Por eso me sorprende mucho que alguien haga una antología específica de cuentistas madrileñas. No sé si hay algo de dinero de por medio, dinero del ayuntamiento, claro, que justifique una antología de escritoras madrileñas, esto es, nacidas dentro del término municipal de Madrid. Si usted ha nacido en Alcorcón, o en Coslada, olvídese de aparecer en esta antología, aún siendo mujer. Muy seguramente ha podido ir a los mismos colegios e institutos, seguramente a las mismas facultades pero no es usted madrileña. Así que nada, no puede aparecer en este libro, o libros, mejor dicho, porque son dos y complementarios, ya que hay una antología de textos que me resulta mucho más simpática porque puede acometer una de mis aficiones favoritas, que tengo algo difícil por el buen gusto y afición carroñera de los asiduos de las librerías de viejo: leer a Margarita Landi –con esto y el teletexto yo soy feliz. Este criterio es muy discutible, porque una mujer nacida en Alcalá de Henares y que vive desde los ventipico en Madrid, no es una escritora madrileña. Ahora bien, Paloma Fernández Gomá, que nació en Madrid pero ha estado dando tumbos por media España –Mahón, Valencia, Cáceres, Cádiz y Algeciras donde reside a tenor de lo investigado por la editora- sí es una escritora madrileña.

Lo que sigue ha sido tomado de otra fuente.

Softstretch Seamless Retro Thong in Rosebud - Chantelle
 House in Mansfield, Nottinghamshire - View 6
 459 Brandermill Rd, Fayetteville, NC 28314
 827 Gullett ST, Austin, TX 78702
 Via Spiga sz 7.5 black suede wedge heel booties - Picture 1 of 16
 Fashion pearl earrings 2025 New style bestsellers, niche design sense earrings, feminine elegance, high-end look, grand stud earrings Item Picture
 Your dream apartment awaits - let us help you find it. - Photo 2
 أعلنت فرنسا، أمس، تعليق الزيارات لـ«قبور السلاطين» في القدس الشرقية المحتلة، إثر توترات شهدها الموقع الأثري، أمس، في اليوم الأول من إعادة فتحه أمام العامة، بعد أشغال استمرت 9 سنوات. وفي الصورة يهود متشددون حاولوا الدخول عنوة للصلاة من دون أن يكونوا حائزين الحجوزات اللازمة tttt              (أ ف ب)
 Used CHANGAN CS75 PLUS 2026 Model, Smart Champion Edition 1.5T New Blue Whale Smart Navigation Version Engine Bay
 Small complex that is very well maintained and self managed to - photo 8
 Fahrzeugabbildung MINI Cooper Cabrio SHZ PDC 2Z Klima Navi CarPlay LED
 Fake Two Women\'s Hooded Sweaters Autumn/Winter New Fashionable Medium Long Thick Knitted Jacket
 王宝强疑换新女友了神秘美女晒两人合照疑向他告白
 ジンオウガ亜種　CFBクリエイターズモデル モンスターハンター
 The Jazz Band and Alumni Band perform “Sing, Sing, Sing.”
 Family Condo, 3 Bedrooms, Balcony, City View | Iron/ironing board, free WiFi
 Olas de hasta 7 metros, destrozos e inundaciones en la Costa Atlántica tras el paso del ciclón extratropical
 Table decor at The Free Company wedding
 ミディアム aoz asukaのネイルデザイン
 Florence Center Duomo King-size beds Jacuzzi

Claro que el problema es que tal vez la editora no sepa lo que es una escritora madrileña, o al menos cuál es la diferencia entre una cuentista o un cuentista, a secas. Bueno, lo de llamar cuentista a cualquier que haya escrito un cuento sería también muy cuestionable, porque las hay que son, sobre todo, novelistas, pero claro, si uno no sabe diferenciar a un hombre de una mujer no se va a poner ya a partir pelos en tres. El libro, que tiene 366 páginas, utiliza sólo ciento sesenta y nueve para demostrar lo que debería ser el corazón del libro: las diferencias entre una cuentista madrileña y cualquier otro escritor. Pero si uno lee esas páginas, que son las que deberían justificar la edición de este libro, se queda muy intrigado. En la página treinta y seis comienza el epígrafe Cuento femenino. Más concretamente su definición, pero el lector encontrará tan sólo una definición de lo que es un cuento, sin más. Aunque en la página siguiente se considere por ya explicado al decir: “El cuento, considerado como género “menor” y, más en concreto el femenino, ha sido muy poco revalorizado respecto a otros géneros como la novela, el teatro o la poesía”. Uno no sabe cómo se revaloriza algo que, en primer lugar, no existe –o al menos nadie se ha molestado en explicarnos qué es- y en segundo lugar, si nunca ha estado especialmente valorado –eso es lo que se desprende de lo que la autora ha contado en las treinta y pico páginas anteriores.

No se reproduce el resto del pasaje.